Los fallos que más arruinan el resultado
He visto muchos proyectos fallar por detalles muy pequeños. Casi nunca es culpa del color; casi siempre es culpa de la preparación o de la prisa.
- Pintar sin desengrasar. La suciedad de cocina, el polvo y los abrillantadores crean una película invisible que arruina la adherencia.
- Saltarse el lijado fino. Si dejas la superficie demasiado brillante, la pintura agarra peor y aparecen desconchados antes de lo esperado.
- Cargar demasiado el rodillo. El exceso de pintura deja marcas, surcos y acumulaciones en cantos y molduras.
- No revisar los cantos. Son la zona más vulnerable y donde primero se nota si el mueble ha quedado mal preparado.
- Montar demasiado pronto. Aunque parezca seco al tacto, el curado real tarda más y un roce prematuro puede marcar la pieza.
- Elegir una pintura decorativa para un uso duro. Lo que queda bien en una pieza auxiliar no siempre resiste en un frente de cocina o baño.
Yo añadiría otro error muy común: pensar que la pintura va a esconder todos los defectos. No lo hace. Una rayadura profunda, un canto hinchado o una puerta torcida seguirán viéndose, solo que con otro color.
Por eso merece la pena cerrar la decisión con una pregunta más práctica: ¿conviene pintarlo o es mejor plantear otra solución?
Cuándo merece la pena renovarlo y cuándo conviene otra solución
Yo pintaría un mueble de melamina cuando la estructura está sana, los frentes cierran bien y el problema es sobre todo estético. En ese escenario, el cambio visual es enorme y el coste de materiales suele ser razonable comparado con sustituir todo el conjunto. También lo veo muy útil en muebles auxiliares, armarios de almacenaje o piezas de salón que no sufren tanta humedad ni tanto roce.

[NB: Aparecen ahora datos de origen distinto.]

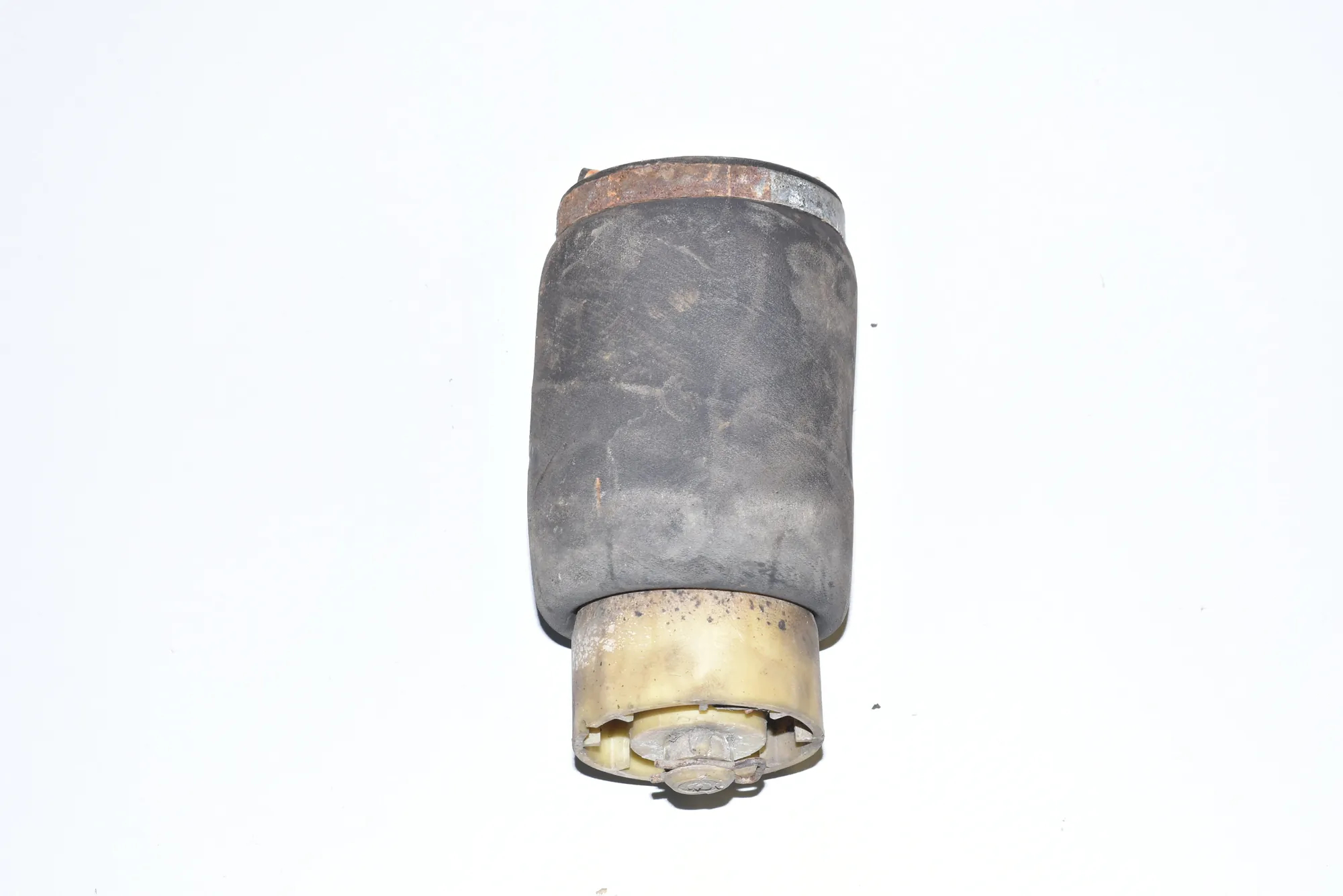 Rear Right Air Suspension Spring Bag – OEM 6750356 · BMW X5 (E53) 3.0 d 2005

En cambio, no me metería a pintar si el tablero está hinchado, las bisagras ya no agarran, los cantos se deshacen o la superficie se despega en varias zonas. Ahí la pintura solo maquilla un problema estructural. En una cocina muy castigada, a veces compensa más cambiar frentes concretos o sustituir la pieza dañada que invertir horas en una renovación que no va a durar.
- Sí compensa si el mueble está firme y quieres modernizar su aspecto.
- Compensa a medias si hay pequeños desperfectos localizados pero el resto del tablero está estable.
- No compensa si hay humedad, hinchazón o desprendimientos amplios.
Si al final decides seguir adelante, mi consejo es sencillo: no corras en la preparación, no escatimes en el desengrasado y deja curar el acabado más de lo que te pide la impaciencia. Un mueble bien pintado dura mucho más que uno pintado deprisa, y esa diferencia se nota a los pocos días y también al cabo de meses. Si luego lo limpias con paño suave y jabón neutro, el resultado se mantiene bastante mejor sin necesidad de trucos raros.